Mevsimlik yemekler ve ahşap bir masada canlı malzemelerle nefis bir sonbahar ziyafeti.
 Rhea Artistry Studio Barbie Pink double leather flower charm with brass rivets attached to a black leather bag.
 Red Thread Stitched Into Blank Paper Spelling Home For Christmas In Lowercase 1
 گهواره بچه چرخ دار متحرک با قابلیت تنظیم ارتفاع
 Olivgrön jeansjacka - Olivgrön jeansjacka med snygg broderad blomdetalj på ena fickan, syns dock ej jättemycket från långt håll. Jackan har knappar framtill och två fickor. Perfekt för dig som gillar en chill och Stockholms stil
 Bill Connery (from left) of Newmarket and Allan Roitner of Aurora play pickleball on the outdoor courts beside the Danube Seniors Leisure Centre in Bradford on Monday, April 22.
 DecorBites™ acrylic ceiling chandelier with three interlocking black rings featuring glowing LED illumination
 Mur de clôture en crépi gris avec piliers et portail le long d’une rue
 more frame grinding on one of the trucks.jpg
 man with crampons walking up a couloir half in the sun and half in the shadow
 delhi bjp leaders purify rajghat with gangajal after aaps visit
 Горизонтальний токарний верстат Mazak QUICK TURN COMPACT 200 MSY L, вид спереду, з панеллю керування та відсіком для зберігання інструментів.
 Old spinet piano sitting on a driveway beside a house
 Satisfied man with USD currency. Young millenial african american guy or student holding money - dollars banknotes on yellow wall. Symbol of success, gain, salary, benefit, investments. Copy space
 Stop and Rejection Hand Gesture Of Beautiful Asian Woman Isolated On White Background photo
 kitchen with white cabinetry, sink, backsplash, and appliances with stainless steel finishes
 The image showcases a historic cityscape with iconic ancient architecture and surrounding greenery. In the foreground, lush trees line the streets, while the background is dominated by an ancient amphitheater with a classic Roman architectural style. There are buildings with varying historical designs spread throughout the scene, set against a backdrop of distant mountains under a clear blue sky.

= DIRECTIONS =
Report every line of the data above that contains the string "black" by copying it in full.

= EXERCISE SOLUTION =
 Rhea Artistry Studio Barbie Pink double leather flower charm with brass rivets attached to a black leather bag.
 DecorBites™ acrylic ceiling chandelier with three interlocking black rings featuring glowing LED illumination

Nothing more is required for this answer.